Abstract
Final observations on experimental transmission of chronic wasting disease (CWD) from elk (Cervus elaphus nelsoni) and white-tailed deer (Odocoileus virginianus) to fallow deer (Dama dama) are reported herein. During the 5-year study, 13 fawns were inoculated intracerebrally with CWD-infected brain material from white-tailed deer (n = 7; Group A) or elk (n = 6; Group B), and 3 other fawns were kept as uninoculated controls (Group C). As described previously, 3 CWD-inoculated deer were euthanized at 7.6 mo post-inoculation (MPI). None revealed presence of abnormal prion protein (PrPd) in their tissues. At 24 (Group A) and 26 (Group B) MPI, 2 deer were necropsied. Both animals had a small focal accumulation of PrPd in their midbrains. Between 29 and 37 MPI, 3 other deer (all from Group A) were euthanized. The 5 remaining deer became sick and were euthanized between 51 and 60 MPI (1 from Group A and 4 from Group B). Microscopic lesions of spongiform encephalopathy (SE) were observed in only these 5 animals; however, PrPd was detected in tissues of the central nervous system by immunohistochemistry, Western blot, and by commercial rapid test in all animals that survived beyond 24 MPI. This study demonstrates that intracerebrally inoculated fallow deer not only amplify CWD prions, but also develop lesions of spongiform encephalopathy.
Résumé
Les observations finales sur la transmission expérimentale de la maladie débilitante chronique (CWD) du wapiti (Cervus elaphus nelsoni) et du cerf de Virginie (Odocoileus virginianus) au daim (Dama dama) sont rapportées. Pendant les 5 années de la période d’étude, 13 faons ont été inoculés par voie intracérébrale avec du matériel cérébral infecté de CWD provenant de cerf de Virginie (n = 7; Groupe A) ou de wapiti (n = 6; Groupe B) et 3 autres faons ont servis de témoins négatifs non-inoculés (Groupe C). Tel que décrit précédemment, 3 chevreuils inoculés avec CWD ont été euthanasiés 7,6 mois post-inoculation (MPI). On ne révéla la présence de protéine prion anormale (PrPd) dans les tissus d’aucun de ces animaux. À 24 (Groupe A) et 26 (Groupe B) MPI, 2 chevreuils ont été soumis à une nécropsie. Les deux animaux avaient un petit foyer d’accumulation de PrPd dans leur mésencéphale. Entre 29 et 37 MPI, 3 autres chevreuils (tous du Groupe A) ont été euthanasiés. Les 5 chevreuils restants devinrent malades et ont été euthanasiés entre 51 et 60 MPI (1 du Groupe A et 4 du Groupe B). Des lésions microscopiques d’encéphalopathie spongiforme (SE) ont été observées uniquement chez ces 5 animaux; toutefois, des PrPd ont été détectés dans les tissus du système nerveux central par immunohistochimie, immunobuvardage, et à l’aide d’un test rapide commercial chez tous les animaux qui ont survécu au-delà de 24 MPI. Cette étude démontre que des daims inoculés par voie intracérébrale non seulement amplifient le prion du CWD, mais développe également des lésions d’encéphalopathie spongiforme.

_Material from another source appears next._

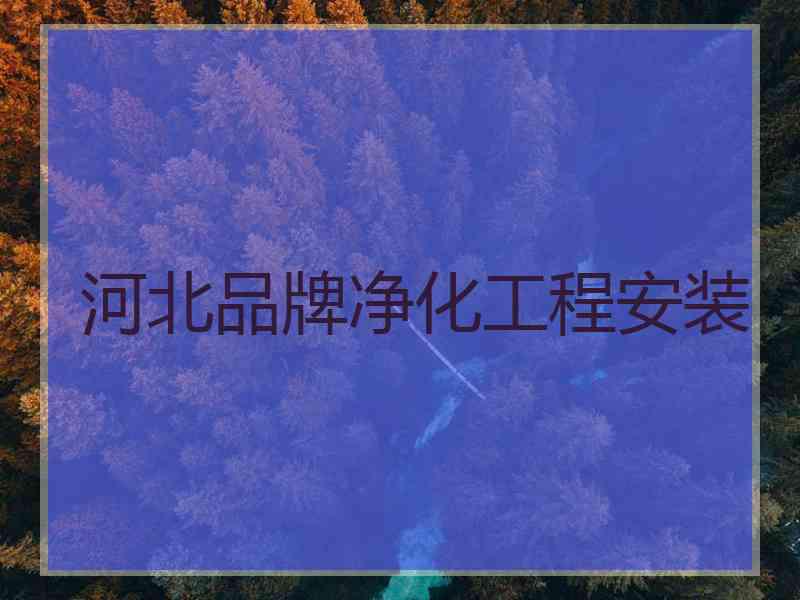 河北品牌净化工程安装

(Traduit par Docteur Serge Messier)
Chronic wasting disease (CWD), a prion disease, is a neurode-generative transmissible spongiform encephalopathy (TSE) that has been identified in captive and free-ranging cervids (1,2) and has been experimentally transmitted by intracerebral inoculation of infected brain material into a variety of domestic, wild, and laboratory animal species (2). The origin of CWD is not known; however, it has been proposed that the prion agent may have originated from sheep scrapie (2). Experimental inoculation of elk with scrapie resulted in a TSE that was neuropathologically indistinguishable from CWD in that species (3). In a previous publication, we reported preliminary findings of an experimental CWD inoculation of fallow deer via the intracerebral route up to 37 mo post-inoculation (4). The present communication describes final results of that study, which was terminated 5 years after the study was initiated.
Sixteen 7- to 8-month-old fallow deer fawns were purchased from a breeder outside of the CWD endemic area and were assigned to Group A inoculated with CWDwtd (n = 7), Group B inoculated with CWDelk (n = 6), and Group C uninoculated controls (n = 3) (4). The experimental design, inoculation procedure, inoculums used, and the husbandry of these animals have been described previously (4).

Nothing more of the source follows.